(Beginning of SUPPLIED RECORDS)

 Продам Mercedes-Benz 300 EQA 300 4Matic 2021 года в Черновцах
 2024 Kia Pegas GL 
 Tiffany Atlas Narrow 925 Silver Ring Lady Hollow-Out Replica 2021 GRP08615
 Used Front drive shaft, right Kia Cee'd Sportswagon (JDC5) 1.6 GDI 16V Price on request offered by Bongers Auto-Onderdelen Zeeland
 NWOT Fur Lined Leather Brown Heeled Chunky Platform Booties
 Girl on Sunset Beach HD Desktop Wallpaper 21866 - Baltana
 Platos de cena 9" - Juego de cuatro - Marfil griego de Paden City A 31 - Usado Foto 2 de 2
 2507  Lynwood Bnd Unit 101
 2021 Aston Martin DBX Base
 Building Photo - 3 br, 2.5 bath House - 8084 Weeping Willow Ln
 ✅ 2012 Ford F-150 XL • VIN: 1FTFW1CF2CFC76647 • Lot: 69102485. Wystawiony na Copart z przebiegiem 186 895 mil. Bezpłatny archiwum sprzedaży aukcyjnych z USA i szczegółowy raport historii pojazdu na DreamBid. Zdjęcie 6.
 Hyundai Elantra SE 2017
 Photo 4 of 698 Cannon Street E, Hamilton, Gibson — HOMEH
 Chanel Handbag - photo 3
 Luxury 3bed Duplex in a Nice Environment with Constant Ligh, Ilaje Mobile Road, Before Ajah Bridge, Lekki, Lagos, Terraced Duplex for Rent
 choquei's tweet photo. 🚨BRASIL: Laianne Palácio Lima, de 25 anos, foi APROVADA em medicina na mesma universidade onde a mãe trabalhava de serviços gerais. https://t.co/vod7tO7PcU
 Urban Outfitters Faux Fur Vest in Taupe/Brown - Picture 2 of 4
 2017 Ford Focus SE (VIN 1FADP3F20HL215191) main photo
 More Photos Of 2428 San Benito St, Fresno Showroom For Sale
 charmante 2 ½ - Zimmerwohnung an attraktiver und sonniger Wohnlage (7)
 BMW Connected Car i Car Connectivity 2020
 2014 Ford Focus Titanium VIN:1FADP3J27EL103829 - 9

(End of SUPPLIED RECORDS)

§ THE TASK: An exact copy of the lines from the one containing "charmante 2 ½" through the end of the data above is the whole answer.

§ RESPONSE AREA:
 charmante 2 ½ - Zimmerwohnung an attraktiver und sonniger Wohnlage (7)
 BMW Connected Car i Car Connectivity 2020
 2014 Ford Focus Titanium VIN:1FADP3J27EL103829 - 9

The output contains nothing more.